* **TASK TO COMPLETE**:
Go through the data line by line and count the lines that hold "view". Reply with the total only.

* **STORED DATA**:
[Start of section]

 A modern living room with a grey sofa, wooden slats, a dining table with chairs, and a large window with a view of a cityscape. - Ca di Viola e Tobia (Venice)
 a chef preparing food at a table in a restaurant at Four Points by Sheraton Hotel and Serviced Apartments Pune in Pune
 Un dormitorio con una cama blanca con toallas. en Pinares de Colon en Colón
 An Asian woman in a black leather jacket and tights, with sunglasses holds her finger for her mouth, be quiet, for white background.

[End of section]
[Start of section]

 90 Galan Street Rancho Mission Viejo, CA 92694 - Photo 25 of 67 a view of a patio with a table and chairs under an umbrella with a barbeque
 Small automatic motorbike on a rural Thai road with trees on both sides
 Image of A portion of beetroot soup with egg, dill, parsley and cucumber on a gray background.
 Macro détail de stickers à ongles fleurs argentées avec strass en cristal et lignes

[End of section]

* **EXPECTED ANSWER**:
2